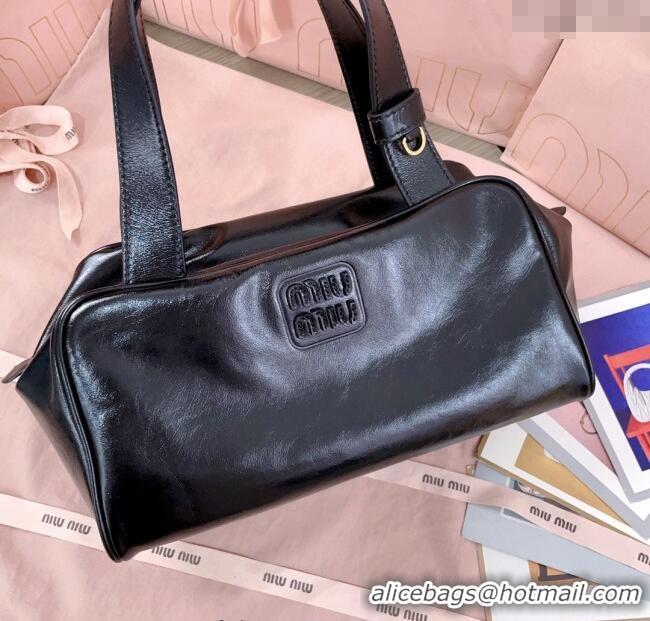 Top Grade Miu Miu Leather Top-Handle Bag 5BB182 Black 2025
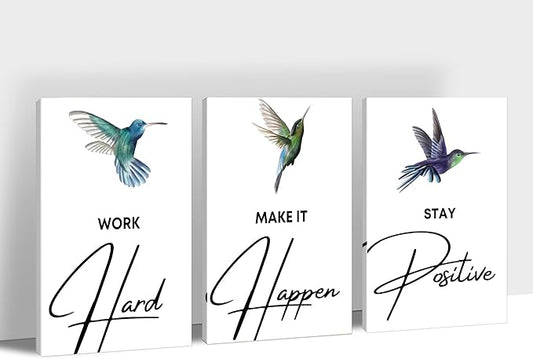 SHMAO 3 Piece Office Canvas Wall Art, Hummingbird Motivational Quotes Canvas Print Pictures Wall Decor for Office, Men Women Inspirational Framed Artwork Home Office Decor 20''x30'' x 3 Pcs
:::
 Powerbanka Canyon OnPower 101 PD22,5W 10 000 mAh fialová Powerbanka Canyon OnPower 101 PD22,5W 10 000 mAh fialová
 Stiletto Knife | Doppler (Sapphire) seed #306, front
:::
EXERCISE DETAILS = Please give back exactly the lines of the listing above that run from the one containing "mAh fialová Powerbanka" through the one containing "Stiletto Knife |", and only those.

RESPONSE BOX =
 Powerbanka Canyon OnPower 101 PD22,5W 10 000 mAh fialová Powerbanka Canyon OnPower 101 PD22,5W 10 000 mAh fialová
 Stiletto Knife | Doppler (Sapphire) seed #306, front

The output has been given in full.